Recentemente, a 7ª Turma do Tribunal Regional Federal da 1ª Região negou provimento à apelação da União Federal que concedeu parcialmente a segurança em ação que objetivava a exclusão das gorjetas da base de cálculo do Simples Nacional, proposta por uma empresa de comércio de bebidas e alimentos.

Tratou-se de Mandado de Segurança em face de ato praticado pelo Delegado da Secretaria da Receita Federal do Brasil em Teresina, visando, em síntese, o sobrestamento da cobrança do Simples Nacional sobre as taxas destinadas à remuneração dos empregados gorjetas e artistas (“couvert artístico”), requerendo ainda a exclusão das citadas rubricas do limite da receita bruta prevista no art. 3º, §9º, da LC 123/2006. 

De acordo com o contribuinte, ao exercer a exploração do serviço de bares e restaurante, está sendo obrigado a incluir na base de cálculo do Simples Nacional os valores que arrecada a título de gorjeta e couvert artístico pagos pelos clientes aos funcionários e artistas que se apresentam no estabelecimento.

Sustenta que os referidos valores não integram sua receita bruta e, portanto, sobre eles não podem incidir os tributos sobre a receita, faturamento ou lucro, reputando, assim, ilegal a exigência do Fisco.

Entendo que o aludido traduz a melhor intelecção sobre a matéria, não havendo razoabilidade na pretensão de se tributar a pessoa jurídica, com base em valores de natureza salarial, incorporados à remuneração de seus empregados. 

Nessa mesma linha, o Superior Tribunal de Justiça já consignou que a gorjeta, compulsória ou inserida na nota de serviço, tem natureza salarial e, em consequência, há de ser incluída no cálculo de vantagens trabalhistas e deve sofrer a incidência de apenas tributos e contribuições que incidem sobre o salário. 

A exemplo do entendimento de ser ilegal a cobrança do ISS sobre os valores recebidos a título de gorjeta, é também ilegítima a exigência do recolhimento do PIS, IRPJ, CSLL e Cofins sobre o valor cobrado como taxa de serviço, desde que repassado integralmente aos empregados. 

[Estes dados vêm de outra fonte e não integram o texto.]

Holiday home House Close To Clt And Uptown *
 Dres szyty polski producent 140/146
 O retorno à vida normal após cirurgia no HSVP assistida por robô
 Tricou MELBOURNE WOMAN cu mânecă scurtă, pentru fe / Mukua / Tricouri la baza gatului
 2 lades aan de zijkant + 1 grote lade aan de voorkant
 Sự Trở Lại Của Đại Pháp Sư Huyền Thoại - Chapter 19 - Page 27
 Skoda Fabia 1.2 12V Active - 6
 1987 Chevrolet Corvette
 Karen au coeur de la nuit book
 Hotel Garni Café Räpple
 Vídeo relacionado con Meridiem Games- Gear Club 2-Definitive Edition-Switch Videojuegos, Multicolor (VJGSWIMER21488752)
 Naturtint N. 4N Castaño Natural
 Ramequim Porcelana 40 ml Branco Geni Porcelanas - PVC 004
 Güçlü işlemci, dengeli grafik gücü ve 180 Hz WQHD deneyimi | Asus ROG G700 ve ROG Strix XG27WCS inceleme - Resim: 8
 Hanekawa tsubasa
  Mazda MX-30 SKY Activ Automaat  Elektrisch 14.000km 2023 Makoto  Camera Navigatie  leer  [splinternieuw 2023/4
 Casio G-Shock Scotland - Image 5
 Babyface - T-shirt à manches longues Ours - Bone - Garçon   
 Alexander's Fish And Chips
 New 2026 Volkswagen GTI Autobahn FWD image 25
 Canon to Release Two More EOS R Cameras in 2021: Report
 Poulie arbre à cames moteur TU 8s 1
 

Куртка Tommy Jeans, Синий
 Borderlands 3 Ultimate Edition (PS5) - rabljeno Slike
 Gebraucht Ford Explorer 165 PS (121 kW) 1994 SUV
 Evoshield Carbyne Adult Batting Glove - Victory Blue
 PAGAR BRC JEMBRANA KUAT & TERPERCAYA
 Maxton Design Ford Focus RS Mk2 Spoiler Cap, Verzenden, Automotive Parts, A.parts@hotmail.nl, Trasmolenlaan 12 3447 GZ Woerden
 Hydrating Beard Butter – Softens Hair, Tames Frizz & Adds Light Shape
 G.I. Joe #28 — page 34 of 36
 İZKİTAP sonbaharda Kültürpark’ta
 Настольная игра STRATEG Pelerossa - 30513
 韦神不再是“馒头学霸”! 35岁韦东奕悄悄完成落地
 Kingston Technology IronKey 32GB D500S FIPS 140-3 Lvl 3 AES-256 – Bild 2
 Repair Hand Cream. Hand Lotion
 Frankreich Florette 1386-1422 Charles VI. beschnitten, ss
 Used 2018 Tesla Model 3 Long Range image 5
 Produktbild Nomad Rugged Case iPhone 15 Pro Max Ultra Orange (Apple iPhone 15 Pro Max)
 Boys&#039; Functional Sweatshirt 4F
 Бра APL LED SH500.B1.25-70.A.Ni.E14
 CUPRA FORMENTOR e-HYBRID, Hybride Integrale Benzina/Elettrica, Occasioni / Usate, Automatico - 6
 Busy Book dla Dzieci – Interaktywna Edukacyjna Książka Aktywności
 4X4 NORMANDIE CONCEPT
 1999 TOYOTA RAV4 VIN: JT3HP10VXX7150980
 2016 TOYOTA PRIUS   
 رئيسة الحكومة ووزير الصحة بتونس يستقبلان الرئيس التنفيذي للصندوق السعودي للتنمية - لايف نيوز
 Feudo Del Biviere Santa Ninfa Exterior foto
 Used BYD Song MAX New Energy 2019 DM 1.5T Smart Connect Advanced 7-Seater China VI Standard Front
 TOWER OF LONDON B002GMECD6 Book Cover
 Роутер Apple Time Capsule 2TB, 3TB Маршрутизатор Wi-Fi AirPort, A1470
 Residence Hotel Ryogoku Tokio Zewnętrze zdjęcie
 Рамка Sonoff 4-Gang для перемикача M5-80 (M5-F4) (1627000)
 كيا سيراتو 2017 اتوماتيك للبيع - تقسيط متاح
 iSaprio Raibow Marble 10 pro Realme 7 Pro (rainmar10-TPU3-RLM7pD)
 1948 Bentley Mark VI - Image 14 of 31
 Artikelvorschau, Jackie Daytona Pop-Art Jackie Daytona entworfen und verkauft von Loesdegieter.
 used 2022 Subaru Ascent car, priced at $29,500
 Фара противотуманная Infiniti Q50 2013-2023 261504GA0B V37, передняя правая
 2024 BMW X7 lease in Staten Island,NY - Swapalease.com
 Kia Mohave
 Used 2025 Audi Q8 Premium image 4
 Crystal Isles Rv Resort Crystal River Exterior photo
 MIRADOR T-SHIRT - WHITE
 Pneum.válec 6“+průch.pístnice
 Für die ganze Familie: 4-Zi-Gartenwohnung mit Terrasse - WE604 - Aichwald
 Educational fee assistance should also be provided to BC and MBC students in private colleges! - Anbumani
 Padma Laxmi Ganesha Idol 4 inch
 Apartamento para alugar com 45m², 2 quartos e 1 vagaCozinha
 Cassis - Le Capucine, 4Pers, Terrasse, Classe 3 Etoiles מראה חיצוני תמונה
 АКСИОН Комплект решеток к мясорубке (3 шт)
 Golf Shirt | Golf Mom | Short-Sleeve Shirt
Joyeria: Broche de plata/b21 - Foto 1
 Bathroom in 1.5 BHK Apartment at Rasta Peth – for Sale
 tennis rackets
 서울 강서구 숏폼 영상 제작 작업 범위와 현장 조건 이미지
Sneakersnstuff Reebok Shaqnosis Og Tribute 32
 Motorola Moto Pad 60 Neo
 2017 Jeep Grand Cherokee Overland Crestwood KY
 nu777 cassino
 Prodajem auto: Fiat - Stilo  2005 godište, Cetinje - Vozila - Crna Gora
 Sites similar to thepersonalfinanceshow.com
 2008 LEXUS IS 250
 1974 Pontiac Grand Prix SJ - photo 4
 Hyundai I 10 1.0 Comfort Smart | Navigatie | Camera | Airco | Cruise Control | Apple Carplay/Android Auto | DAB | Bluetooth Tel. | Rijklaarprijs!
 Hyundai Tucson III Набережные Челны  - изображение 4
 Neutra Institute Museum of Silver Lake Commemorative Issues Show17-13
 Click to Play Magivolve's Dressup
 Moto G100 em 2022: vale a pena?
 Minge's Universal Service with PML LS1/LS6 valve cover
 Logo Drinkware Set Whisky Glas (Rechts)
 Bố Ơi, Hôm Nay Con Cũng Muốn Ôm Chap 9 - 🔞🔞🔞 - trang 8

Ademais, consoante o art. 457, da CLT, caput, “compreendem-se na remuneração do empregado, para todos os efeitos legais, além do salário devido e pago diretamente pelo empregador, como contraprestação do serviço, as gorjetas que receber”. 

O parágrafo terceiro, do mesmo art. 457, da CLT, explicita o que se entende por gorjeta: “Considera-se gorjeta não só a importância espontaneamente dada pelo cliente ao empregado, como também aquela que for cobrada pela empresa ao cliente, como adicional nas contas, a qualquer título, e destinada à distribuição dos empregados.

Assim, a gorjeta é, pois, receita de terceiro, que, apesar de circular no caixa da empresa, deve ser transferida irremediavelmente ao funcionário a título de complemento da remuneração do serviço prestado por ele. Não se pode, então, no presente caso, presumir que a empresa impetrante esteja descumprindo a lei e permanecendo com as gorjetas como receita própria.

Neste sentido, ao analisar o caso, o TRF 1ª Região destacou que o art. 3º, § 1º, da Lei Complementar nº 123/2006, que instituiu o Estatuto Nacional da Microempresa e da Empresa de Pequeno Porte, estabeleceu o que é considerada receita bruta (produto da venda de bens e serviços) e que os valores decorrentes da arrecadação de gorjeta não constituem renda, faturamento ou lucro para o estabelecimento.

Ressaltou-se ainda que os valores decorrentes da arrecadação de gorjeta não devem ser incluídos na cobrança do Simples Nacional e nem no limite da receita bruta, conforme entendimento do Superior Tribunal de Justiça (STJ).

Sendo importante também consignar que, por decisão da Comissão Técnica Permanente do ICMS, a gorjeta deixou de ser receita própria dos estabelecimentos (Lei nº 13.419/2017). Assim, não estará mais sujeita à tributação do imposto. A deliberação ocorreu no Conselho Nacional de Política Fazendária (Confaz) do Ministério da Fazenda. O Confaz comunicou a decisão à Federação Nacional de Hotéis, Restaurantes, Bares e Similares (FNHRBS).

Com a mudança, agora o registro da gorjeta na nota fiscal de consumo é obrigatório. O Confaz considera que a medida mais coerente e segura é manter o tratamento semelhante ao do Convênio ICMS 125/2011, registrando a gorjeta como item de cupom fiscal, mas agora inserindo seu valor no totalizador NÃO INCIDÊNCIA (N) do ECF. Esse tratamento passa a valer aos contribuintes do regime normal de apuração do ICMS e aos enquadrados no Simples Nacional.

Já em relação ao couvert artístico, não há previsão legal, nem jurisprudência consolidada sobre a não incidência do imposto. Sendo importante destacar que o TRF 1ª Região julgou extinta tal discussão sem resolução de mérito, por entender que o Mandado de Segurança não seria adequado, pois, diferentemente da gorjeta, não há regime legal que o especifique. 

Entretanto consignou que, pelo fato de seu pagamento ser fruto de contratos realizados entre as empresas e os artistas, não há, portanto, como caracterizá-lo como compondo ou não a receita bruta de um estabelecimento comercial. Tal conclusão variará conforme o caso, se os contratos realizados pelo estabelecimento preveem o repasse de todo o valor arrecadado a título de couvert ou se o pagamento deve ser feito por valor fixo, sendo necessário comprovar que, no caso concreto, houve o efetivo repasse dos valores aos músicos – prova esta que não poderia ser produzida mediante mandado de segurança, até porque incabível nos estreitos limites de um mandado de segurança.

Desta forma, no caso de efetiva comprovação de que o couvert artístico não comporta em receita do bar/restaurante, mas sim do artista, entendo que não constitui renda do estabelecimento comercial, não devendo ser recolhido do imposto pelo contratante, para tanto se faz necessário o reconhecimento do judiciário, a fim de evitar qualquer autuação fiscal.